For the fiscal year ended April 30, 2025, pursuant to the Expense Limitation Agreement described above, MIM waived a portion of its investment advisory fees and/or made payments to limit Fund expenses. After giving effect to the Expense Limitation Agreements, for the fiscal period ended April 30, 2025, the Fund paid MIM advisory fees equal to $2,465,518.

The following Trustee and officer of the Trust are also officers and/or employees of MIM or its affiliates:

Daniel E. Needham serves as Trustee and President and Principal Executive Officer of the Trust and as President of Morningstar Inc.'s ("Morningstar") Wealth Management Solutions group; and as Co-President of Morningstar Investment Management LLC and Morningstar Investment Services, LLC; and

D. Scott Schilling serves as Chief Compliance Officer ("CCO"), Anti-Money Laundering ("AML") Compliance Officer, and Secretary of the Trust.

The address of these individuals is 22 W. Washington Street, Chicago, Illinois 60602.

Guggenheim Partners Investment Management, LLC ("GPIM")

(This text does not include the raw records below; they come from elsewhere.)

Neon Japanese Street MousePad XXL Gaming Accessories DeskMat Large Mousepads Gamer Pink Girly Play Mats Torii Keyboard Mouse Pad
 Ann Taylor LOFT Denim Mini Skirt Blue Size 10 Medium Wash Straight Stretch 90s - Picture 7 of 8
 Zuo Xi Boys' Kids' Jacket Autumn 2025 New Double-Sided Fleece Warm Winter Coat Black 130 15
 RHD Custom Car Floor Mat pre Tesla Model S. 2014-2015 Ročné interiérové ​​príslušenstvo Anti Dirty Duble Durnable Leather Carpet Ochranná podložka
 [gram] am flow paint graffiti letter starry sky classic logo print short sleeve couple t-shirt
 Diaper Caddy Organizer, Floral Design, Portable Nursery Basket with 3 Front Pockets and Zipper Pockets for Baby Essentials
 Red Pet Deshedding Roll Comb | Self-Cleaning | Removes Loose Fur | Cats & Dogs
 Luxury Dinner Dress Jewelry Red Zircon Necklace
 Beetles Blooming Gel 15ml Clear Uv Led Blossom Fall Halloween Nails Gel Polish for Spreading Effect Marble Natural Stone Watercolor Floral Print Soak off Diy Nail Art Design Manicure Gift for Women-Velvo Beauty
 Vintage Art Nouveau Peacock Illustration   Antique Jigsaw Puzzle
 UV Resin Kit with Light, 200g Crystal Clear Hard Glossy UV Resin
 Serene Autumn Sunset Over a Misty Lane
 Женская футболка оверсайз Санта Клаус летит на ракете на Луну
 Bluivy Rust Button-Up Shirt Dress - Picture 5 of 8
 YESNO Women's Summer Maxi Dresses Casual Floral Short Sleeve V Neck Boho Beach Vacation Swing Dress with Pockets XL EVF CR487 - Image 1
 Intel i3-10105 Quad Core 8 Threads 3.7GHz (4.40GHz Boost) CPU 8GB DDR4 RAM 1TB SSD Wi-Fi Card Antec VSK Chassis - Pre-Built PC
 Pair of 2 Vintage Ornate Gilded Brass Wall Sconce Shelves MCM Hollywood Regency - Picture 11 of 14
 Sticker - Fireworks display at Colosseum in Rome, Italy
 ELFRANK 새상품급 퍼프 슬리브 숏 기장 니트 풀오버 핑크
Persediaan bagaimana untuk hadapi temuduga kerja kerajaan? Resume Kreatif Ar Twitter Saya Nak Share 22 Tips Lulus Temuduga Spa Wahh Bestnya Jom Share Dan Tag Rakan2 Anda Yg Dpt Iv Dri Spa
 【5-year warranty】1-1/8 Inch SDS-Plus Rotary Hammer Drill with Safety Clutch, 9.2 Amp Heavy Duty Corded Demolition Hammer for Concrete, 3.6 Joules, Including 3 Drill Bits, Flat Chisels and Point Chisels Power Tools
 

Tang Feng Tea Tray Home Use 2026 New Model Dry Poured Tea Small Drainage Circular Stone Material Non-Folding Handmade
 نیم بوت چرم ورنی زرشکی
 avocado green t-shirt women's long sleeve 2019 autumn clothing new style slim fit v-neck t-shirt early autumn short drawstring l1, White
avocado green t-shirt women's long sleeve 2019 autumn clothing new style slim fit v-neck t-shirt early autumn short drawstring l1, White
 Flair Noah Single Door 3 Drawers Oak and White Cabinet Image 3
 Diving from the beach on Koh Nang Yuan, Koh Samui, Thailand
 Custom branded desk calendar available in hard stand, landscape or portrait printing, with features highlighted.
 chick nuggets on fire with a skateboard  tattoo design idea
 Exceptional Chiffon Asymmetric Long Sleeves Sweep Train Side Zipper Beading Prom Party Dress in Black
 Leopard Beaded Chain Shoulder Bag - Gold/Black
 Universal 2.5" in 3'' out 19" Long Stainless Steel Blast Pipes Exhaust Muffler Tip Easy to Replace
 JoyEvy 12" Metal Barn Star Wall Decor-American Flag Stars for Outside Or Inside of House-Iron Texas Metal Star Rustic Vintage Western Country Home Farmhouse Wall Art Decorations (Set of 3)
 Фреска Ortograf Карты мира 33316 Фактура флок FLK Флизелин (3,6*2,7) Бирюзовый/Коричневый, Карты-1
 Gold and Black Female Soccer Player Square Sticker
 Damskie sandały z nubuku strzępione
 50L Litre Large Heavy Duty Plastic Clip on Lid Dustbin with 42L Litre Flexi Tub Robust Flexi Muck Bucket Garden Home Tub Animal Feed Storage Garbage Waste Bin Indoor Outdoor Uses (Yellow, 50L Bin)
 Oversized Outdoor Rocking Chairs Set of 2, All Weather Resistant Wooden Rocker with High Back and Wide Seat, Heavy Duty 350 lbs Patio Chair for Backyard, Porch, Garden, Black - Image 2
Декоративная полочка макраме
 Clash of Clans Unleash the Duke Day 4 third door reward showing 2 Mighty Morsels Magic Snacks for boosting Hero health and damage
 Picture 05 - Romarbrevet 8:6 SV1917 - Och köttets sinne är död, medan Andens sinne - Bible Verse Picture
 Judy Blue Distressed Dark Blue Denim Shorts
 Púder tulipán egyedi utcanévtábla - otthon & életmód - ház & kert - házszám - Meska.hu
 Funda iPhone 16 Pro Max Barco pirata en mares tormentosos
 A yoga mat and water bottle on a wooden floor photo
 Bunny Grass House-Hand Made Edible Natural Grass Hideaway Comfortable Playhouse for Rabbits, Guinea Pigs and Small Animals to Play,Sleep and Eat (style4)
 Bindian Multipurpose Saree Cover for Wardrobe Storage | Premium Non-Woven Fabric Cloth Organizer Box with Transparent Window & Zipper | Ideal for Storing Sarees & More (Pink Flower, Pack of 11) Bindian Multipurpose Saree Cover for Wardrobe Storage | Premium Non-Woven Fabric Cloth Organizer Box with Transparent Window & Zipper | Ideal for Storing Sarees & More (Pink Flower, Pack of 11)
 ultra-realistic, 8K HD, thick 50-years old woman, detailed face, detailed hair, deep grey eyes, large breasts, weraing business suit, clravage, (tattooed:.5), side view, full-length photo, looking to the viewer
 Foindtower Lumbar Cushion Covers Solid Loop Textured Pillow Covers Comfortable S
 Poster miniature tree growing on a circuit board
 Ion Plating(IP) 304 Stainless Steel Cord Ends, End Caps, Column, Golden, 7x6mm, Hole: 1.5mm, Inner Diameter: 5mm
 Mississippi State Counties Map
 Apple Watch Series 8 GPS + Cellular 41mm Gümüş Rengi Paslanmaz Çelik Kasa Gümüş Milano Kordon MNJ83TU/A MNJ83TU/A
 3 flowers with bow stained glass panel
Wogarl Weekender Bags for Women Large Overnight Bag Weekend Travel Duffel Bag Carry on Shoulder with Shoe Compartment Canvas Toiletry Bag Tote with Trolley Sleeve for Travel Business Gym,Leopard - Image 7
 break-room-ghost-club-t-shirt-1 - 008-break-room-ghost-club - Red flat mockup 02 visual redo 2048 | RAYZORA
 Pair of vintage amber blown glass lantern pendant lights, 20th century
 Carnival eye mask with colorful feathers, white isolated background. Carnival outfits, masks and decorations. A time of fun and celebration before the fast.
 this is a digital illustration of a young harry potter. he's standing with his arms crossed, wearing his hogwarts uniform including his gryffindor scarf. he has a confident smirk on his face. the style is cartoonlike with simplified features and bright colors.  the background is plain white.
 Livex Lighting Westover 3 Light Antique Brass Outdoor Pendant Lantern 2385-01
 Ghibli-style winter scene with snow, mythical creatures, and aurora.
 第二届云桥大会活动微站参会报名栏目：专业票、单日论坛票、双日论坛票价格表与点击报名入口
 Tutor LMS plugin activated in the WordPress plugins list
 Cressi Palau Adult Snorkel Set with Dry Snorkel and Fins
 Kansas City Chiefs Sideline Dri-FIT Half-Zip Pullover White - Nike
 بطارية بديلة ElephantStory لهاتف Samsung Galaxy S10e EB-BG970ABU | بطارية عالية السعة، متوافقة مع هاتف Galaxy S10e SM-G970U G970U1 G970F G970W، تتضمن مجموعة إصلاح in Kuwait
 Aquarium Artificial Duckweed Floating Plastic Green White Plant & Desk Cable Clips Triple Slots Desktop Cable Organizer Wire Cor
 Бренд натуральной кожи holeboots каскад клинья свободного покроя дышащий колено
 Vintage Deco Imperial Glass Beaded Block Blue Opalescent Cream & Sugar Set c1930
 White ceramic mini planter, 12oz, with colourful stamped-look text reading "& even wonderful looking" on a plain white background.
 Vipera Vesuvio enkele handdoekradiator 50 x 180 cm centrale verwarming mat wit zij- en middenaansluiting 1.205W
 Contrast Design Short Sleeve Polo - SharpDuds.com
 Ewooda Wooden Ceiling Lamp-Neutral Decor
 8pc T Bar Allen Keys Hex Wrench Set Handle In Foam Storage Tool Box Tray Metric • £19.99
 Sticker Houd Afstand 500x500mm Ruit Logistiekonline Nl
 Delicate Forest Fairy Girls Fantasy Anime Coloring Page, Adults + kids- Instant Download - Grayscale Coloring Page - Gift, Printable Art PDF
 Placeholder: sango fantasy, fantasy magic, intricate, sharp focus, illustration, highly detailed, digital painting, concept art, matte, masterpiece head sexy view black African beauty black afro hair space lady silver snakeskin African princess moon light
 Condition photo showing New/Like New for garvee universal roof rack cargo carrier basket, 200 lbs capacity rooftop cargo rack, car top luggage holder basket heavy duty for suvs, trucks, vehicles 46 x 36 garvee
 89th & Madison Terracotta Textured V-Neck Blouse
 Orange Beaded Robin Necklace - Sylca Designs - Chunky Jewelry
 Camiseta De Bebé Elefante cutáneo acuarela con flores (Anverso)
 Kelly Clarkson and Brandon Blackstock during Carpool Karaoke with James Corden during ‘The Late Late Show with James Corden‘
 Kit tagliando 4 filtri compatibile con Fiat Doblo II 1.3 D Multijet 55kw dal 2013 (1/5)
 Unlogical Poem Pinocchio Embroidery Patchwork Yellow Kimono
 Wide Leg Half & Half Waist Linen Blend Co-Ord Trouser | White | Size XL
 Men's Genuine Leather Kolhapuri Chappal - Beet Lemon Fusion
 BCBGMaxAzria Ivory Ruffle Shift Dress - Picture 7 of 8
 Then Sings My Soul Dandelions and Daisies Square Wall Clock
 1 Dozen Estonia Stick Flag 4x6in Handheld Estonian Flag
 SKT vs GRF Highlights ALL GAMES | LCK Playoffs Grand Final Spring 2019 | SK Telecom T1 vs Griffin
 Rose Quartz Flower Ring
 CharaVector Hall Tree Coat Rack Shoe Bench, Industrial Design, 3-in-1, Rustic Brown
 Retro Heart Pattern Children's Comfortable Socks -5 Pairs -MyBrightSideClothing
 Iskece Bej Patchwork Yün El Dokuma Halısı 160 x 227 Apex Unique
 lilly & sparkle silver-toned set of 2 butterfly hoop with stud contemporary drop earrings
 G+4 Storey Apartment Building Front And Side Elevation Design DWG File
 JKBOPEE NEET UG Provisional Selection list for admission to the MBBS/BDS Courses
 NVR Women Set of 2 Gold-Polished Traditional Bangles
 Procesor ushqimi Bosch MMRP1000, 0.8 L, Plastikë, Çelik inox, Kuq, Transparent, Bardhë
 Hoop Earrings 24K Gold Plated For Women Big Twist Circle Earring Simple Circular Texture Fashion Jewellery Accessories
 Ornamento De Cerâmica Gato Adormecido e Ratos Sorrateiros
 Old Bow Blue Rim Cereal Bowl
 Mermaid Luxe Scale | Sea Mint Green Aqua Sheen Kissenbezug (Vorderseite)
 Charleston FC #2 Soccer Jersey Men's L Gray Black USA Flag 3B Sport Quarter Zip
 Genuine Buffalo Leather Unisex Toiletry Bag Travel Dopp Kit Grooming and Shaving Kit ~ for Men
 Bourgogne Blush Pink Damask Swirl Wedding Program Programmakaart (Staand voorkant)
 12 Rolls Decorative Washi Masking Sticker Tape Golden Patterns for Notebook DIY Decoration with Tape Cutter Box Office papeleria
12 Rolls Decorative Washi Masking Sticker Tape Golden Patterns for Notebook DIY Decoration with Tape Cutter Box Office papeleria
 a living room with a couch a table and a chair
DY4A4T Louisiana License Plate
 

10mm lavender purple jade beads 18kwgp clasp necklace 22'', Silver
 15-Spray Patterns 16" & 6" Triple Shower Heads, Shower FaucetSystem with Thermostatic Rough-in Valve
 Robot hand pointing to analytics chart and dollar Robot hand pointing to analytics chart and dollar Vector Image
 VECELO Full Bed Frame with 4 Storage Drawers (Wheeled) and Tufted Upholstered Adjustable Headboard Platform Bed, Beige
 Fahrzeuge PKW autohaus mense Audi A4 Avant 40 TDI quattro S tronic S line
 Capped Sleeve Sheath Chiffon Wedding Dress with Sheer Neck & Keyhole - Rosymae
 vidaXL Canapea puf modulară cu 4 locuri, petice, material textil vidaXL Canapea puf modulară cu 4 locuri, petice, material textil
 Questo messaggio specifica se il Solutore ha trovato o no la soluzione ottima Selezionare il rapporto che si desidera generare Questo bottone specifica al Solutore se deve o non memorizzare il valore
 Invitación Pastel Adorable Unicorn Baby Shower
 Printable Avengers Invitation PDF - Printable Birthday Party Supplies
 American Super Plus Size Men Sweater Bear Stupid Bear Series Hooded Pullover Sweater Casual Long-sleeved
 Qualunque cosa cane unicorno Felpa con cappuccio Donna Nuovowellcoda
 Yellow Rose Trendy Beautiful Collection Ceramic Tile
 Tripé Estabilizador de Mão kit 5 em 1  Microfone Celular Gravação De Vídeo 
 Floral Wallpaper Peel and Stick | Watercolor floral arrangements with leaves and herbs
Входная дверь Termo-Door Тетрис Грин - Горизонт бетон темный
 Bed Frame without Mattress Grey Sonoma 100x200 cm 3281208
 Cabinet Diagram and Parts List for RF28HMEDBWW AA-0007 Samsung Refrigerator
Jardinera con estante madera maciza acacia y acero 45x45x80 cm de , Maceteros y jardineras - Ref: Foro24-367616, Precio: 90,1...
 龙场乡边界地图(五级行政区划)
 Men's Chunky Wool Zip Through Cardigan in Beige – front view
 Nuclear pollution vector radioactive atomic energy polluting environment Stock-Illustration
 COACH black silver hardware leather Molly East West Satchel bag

GPIM is a limited liability company with offices located at 330 Madison Avenue, 10th Floor, New York, NY 10017. GPIM is registered as an investment adviser with the SEC and was founded in 1999. GPIM is a subsidiary of Guggenheim Partners, LLC. Guggenheim Partners, LLC is a subsidiary of Guggenheim Capital, LLC.

GPIM is not an affiliated person of the Trust or MIM and will discharge its responsibilities subject to the oversight of MIM. GPIM will be compensated out of the fees MIM receives from the Fund. There will be no increase in the advisory fees paid by the Fund to MIM as a consequence of the approval of the Subadvisory Agreement. The fees paid by MIM to GPIM depend upon the fee rates that were negotiated with GPIM by MIM.

GPIM does not serve as an investment adviser to any other third-party funds with investment objectives similar to that of the Fund.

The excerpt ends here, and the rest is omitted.